Who controls what is science?  Nobody controls science.  It is not a hierarchical system like a church where rules are handed down from authority.  Scientists pose hypotheses and do experiments to test hypotheses.  Once a huge body of evidence explains many things in a simple way, it is elevated to the status of a theory.  Scientists gather theories and distil them into books to help others learn what is known.

I know a number of big science personalities that act as bullies against even other scientists for any idea that is not pure status quo. The status quo is routinely turned on its head as new evidence accumulates.  A scientist may be protecting his or her turf, but the community as a whole moves (sometimes glacially) in the direction that evidence takes it.  Many of the greatest ideas were proposed by young whipper snappers, which have become the basis of many of our most successful theories.

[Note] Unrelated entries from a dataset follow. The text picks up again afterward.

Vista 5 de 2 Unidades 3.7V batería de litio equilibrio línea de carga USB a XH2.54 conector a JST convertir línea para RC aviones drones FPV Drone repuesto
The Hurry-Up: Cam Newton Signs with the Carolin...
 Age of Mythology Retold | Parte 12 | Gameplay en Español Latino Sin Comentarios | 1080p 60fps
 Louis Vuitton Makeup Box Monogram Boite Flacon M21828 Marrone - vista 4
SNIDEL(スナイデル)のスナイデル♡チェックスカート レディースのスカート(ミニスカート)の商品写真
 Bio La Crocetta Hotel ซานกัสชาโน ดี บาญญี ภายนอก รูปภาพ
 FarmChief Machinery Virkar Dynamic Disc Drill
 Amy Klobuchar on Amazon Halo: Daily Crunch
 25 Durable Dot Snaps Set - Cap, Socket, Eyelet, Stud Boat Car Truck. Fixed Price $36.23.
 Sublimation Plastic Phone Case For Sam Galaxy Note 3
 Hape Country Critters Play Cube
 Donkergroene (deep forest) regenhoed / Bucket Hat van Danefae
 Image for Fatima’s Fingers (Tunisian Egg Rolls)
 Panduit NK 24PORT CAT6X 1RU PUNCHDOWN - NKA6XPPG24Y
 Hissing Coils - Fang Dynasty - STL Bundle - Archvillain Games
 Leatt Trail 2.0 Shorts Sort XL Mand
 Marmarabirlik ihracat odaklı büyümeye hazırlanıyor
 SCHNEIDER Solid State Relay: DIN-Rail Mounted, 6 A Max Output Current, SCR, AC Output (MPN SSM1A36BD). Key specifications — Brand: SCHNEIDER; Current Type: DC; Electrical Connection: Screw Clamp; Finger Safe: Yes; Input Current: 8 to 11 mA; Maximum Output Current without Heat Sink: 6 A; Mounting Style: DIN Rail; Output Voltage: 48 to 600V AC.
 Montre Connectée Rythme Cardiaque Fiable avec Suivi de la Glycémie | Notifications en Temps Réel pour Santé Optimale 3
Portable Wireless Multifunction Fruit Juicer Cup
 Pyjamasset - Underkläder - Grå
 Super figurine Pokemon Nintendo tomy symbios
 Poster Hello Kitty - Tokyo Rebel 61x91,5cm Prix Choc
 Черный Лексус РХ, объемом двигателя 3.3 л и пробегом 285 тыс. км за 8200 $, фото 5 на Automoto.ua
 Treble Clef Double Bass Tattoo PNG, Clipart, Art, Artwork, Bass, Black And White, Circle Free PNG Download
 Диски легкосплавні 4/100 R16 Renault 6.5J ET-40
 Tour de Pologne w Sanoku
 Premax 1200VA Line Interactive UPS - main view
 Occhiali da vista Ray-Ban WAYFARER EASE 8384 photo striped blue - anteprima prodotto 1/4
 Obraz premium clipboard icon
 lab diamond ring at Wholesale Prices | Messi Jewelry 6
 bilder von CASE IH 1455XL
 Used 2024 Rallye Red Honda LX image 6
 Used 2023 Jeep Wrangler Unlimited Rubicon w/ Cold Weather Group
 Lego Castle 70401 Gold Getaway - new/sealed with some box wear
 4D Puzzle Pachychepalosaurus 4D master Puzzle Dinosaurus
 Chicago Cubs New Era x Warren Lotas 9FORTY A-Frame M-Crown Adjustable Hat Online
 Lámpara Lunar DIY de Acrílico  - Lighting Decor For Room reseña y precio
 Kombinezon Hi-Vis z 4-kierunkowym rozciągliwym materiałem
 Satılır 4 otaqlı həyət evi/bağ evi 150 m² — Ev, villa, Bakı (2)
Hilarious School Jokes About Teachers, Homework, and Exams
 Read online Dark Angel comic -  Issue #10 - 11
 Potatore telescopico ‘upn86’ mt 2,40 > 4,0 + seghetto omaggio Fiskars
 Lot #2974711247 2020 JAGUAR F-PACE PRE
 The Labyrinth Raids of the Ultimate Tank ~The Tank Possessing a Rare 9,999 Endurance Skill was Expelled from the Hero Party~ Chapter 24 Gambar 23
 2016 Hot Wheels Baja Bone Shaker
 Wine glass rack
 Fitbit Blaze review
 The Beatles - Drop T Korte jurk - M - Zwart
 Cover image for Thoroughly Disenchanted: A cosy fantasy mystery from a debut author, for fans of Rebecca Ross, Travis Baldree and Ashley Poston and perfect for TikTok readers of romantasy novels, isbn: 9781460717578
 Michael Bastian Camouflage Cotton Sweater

Banning the theory of creationism and ID sounds inconsistent with the scientific method. Scientifically we don't ban theories, we simply conclude that the theory is not supported by experimental results.Scientists are not banning Creationism and Intelligent Design.  The petition specifically bans only the teaching of Creationism and ID as science.

Wow, it is a bit disturbing to know that there are those who think that banning ideas is in harmony with our Constitution. Many have heard that old saying, "The church is a refuge for scoundrels". That truism is even truer for "science". Indeed, before condemning the teaching of "Creationism" in schools, one should feel some obligation to define "science". It most controversial discussions, the subject being discussed is never succinctly defined. Science has a precise and hopefully universally-known definition which is well stated on Wikipedia as follow: Science (from Latin scientia, meaning "knowledge"[1]) is a systematic enterprise that builds and organizes knowledge in the form of testable explanations and predictions about the universe.[2][3][4] In an older and closely related meaning, "science" also refers to a body of knowledge itself, of the type that can be rationally explained and reliably applied. A practitioner of science is known as a scientist.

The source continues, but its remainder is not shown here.